# 20 Principles in a Front Punch



## KenpoNoChikara (Mar 2, 2005)

Was wondering if anyone knew where to find a list of the 20 Principles in a Front Punch? 
I'm trying to learn all the principles in a front ball kick and front punch, however I can't find the list for a front punch anywhere. 
Any advice as to where I might find it?                :asian:


----------



## rmcrobertson (Mar 2, 2005)

I hadn't known there were only twenty.

One hint--work on your horse stance and your feet--and then, at the risk of offering a cheesy answer, I'd say that the principles are out there on the mat, waiting to be picked up. Just practice; over time, you'll see more and more of what you're doing.

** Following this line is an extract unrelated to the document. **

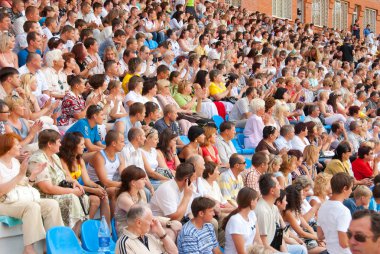 bir futbol maçında tribünlerde seyirci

Just as a general statement, I'd add that mostly, written principles help in retrospect--after you've learned, they help you explain what you already sorta know--and used carelessly, they really screw with your actual learning.


----------



## Touch Of Death (Mar 2, 2005)

.... giggles

here is a list of the first twelve (I can't find the full list right now):
1.Posture
2.Balance
3.relaxation (this includes placed tension)
4.Speed
5.Angles
6.alignment
7.timming
8.eliminate telegraphing
9.economy of motion
10. coordination
11.focus
12 attention to body momentum and depth of penetration.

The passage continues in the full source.